В учреждениях составляются списки эвакуирующихся. К нам в Архив ученые несут свои рукописи.
Собрался с силами и насколько могу спокойно гляжу в глаза будущему…
Мне сообщили о полученной телеграмме жены нашего кочегара Урманчеева, матери троих детей, уборщицы Фани, что она доехала домой, но из троих ребят довезла только одного: двое умерли в дороге.
…Мой родной любимый город, где не только улицы, площади, дома, но и каждый камешек мне знаком! И что с ним сталось!
«Вот Невский… вот Морская» — писал я в дни первой блокады во время гражданской войны, пораженный разрухой города и пустотой. Лишь стаи псов иногда можно было видеть тогда на улицах, куда-то стремительно мчавшихся даже по Невскому, когда он затихал от транзитных пешеходов к вечеру. Теперь нет ни одной собаки на улицах…

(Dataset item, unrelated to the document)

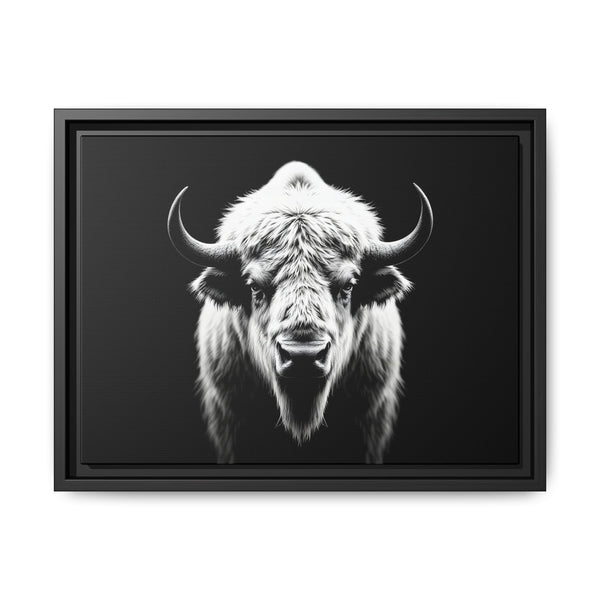 Framed bison art print with white-and-black bull portrait, black frame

И вот снова Невский, Морская… Страшный срез бомбой целого угла с крыши до основания на б. Малой Морской, теперь улице Гоголя… Неторгующие магазины с забитыми витринами, нежилые этажи или целые дома, пострадавшие от артиллерийского обстрела. Город снова в разрухе. Я второй раз переживаю то же самое. И сегодня, как 20 с лишним лет, я был в оцепенении, почти отчаянии… И успокаивал себя — ведь оправился город от той разрухи, оправится и теперь! Будет жить и процветать мой родной город. Дни страшной войны пройдут, а город останется… Мы умрем, а город останется. Город Петра и Ленина, двух гениев русского народа, никогда не погибнет. Петр приобщил через Петербург Россию к Европе, Ленин привлек Европу и весь мир к Советской России.
41
Институт истории материальной культуры.